Restate word for word the lines below that run from the one holding "Evenia Olympic Suites" through the one holding "Volkswagen Golf 2021", inclusive. Pictures don't belong in the copy.

=== Dataset extract ===
┄┄┄┄┄┄
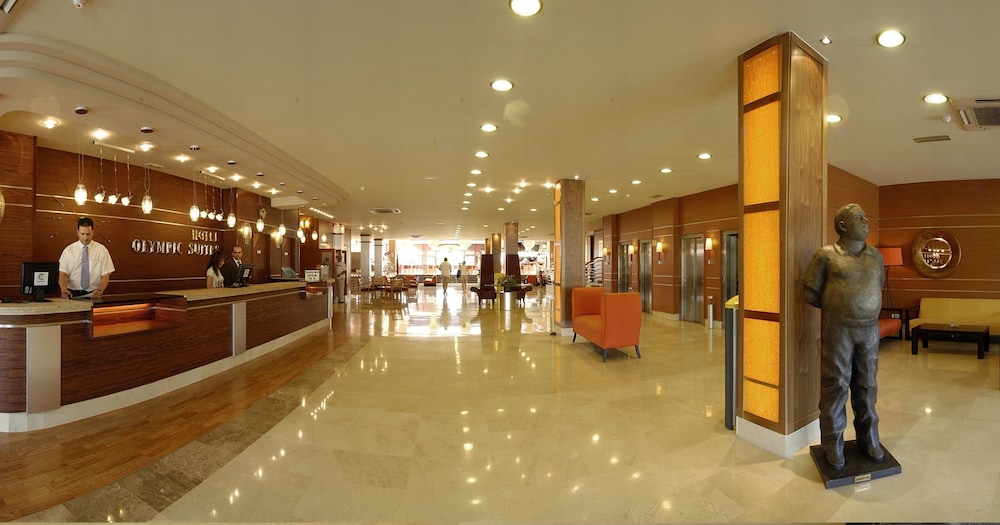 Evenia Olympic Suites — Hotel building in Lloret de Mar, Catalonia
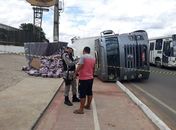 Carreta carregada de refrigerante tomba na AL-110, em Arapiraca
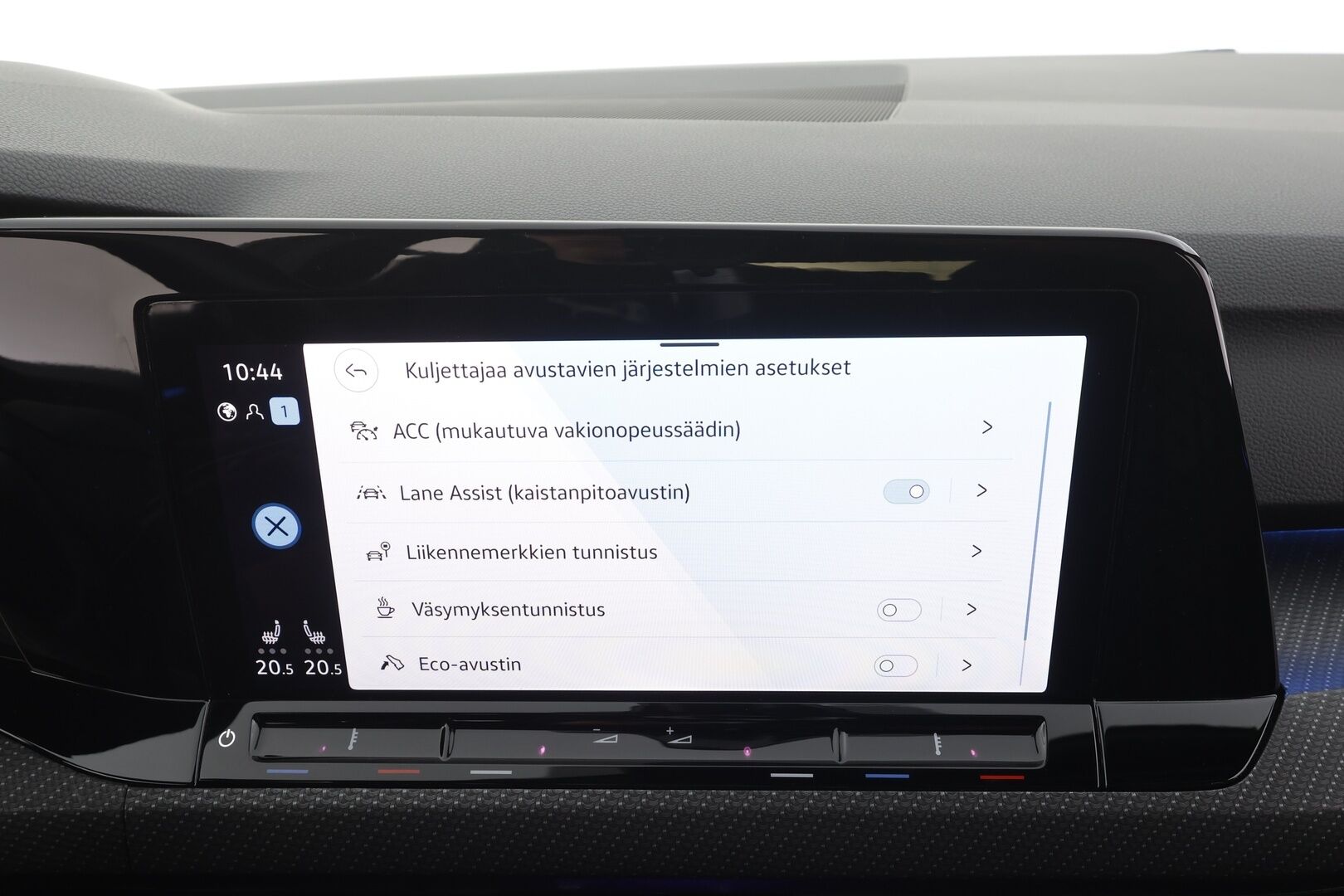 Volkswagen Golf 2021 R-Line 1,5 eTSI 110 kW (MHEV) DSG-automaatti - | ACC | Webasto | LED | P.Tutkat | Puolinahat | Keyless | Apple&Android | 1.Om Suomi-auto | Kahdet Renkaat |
┄┄┄┄┄┄
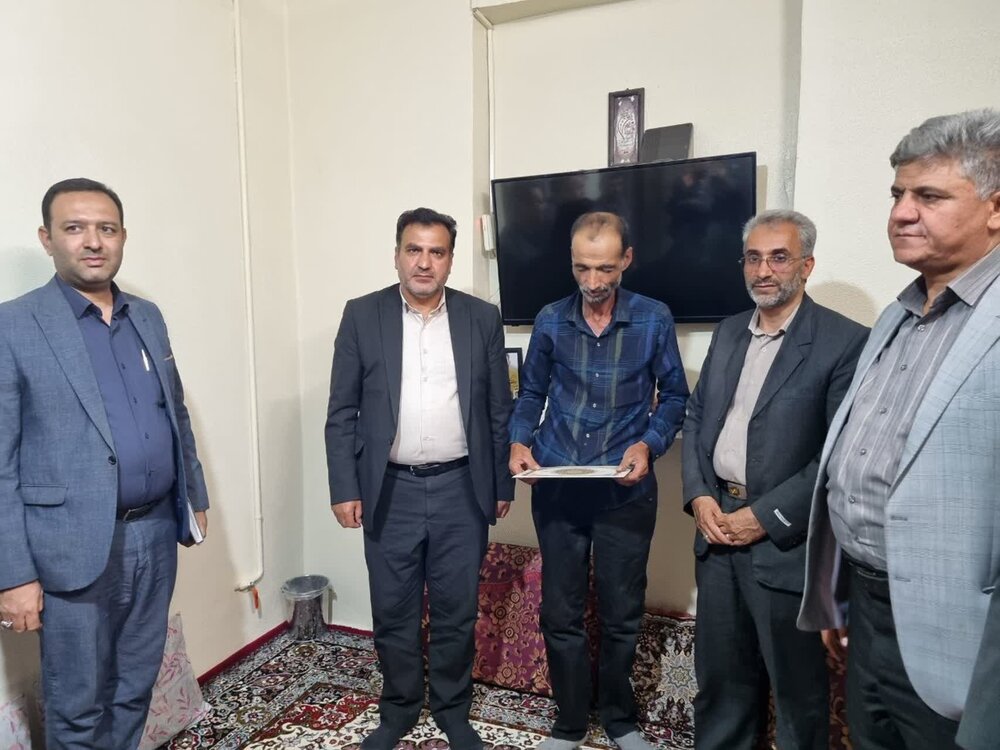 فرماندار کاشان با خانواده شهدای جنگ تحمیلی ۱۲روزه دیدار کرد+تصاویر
┄┄┄┄┄┄
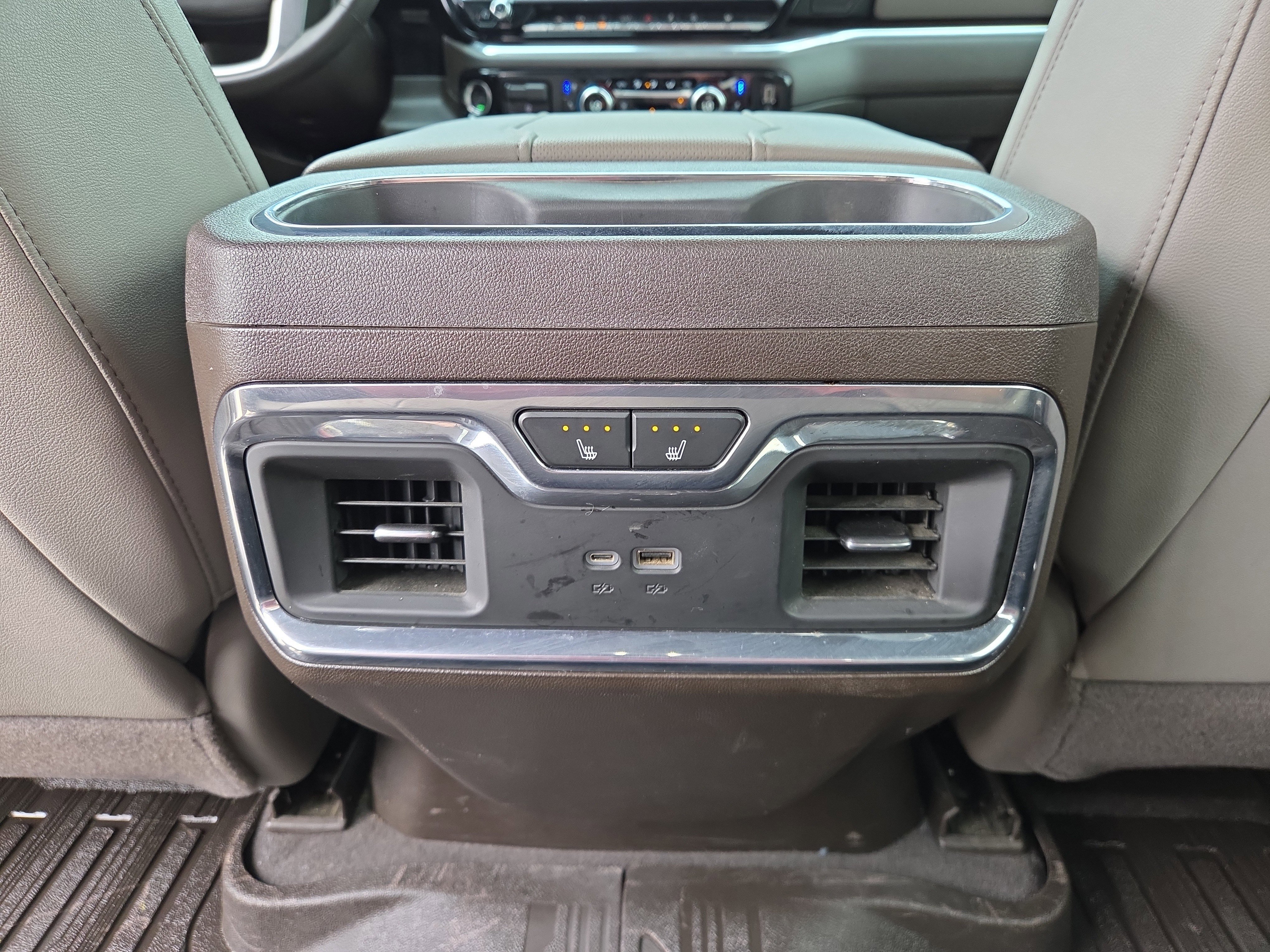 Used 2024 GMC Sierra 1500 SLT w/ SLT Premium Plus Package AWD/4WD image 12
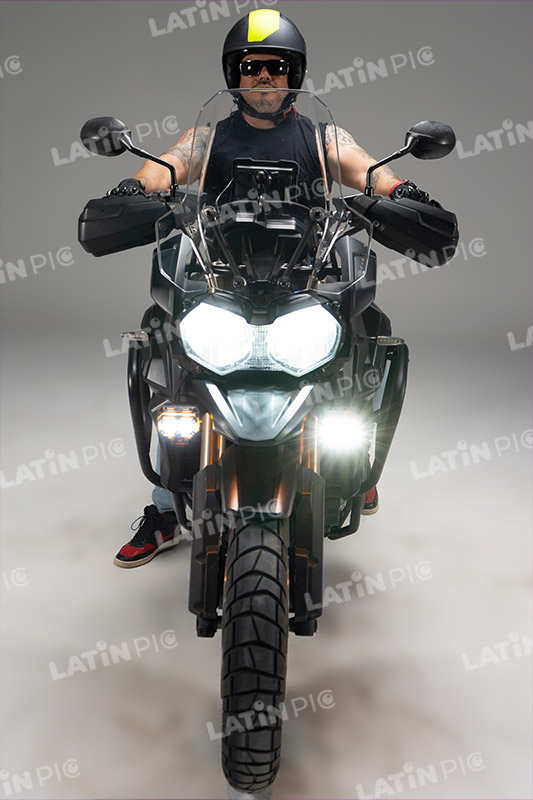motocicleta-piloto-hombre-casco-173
┄┄┄┄┄┄
=== Answer for this exercise ===
 Evenia Olympic Suites — Hotel building in Lloret de Mar, Catalonia
 Carreta carregada de refrigerante tomba na AL-110, em Arapiraca
 Volkswagen Golf 2021 R-Line 1,5 eTSI 110 kW (MHEV) DSG-automaatti - | ACC | Webasto | LED | P.Tutkat | Puolinahat | Keyless | Apple&Android | 1.Om Suomi-auto | Kahdet Renkaat |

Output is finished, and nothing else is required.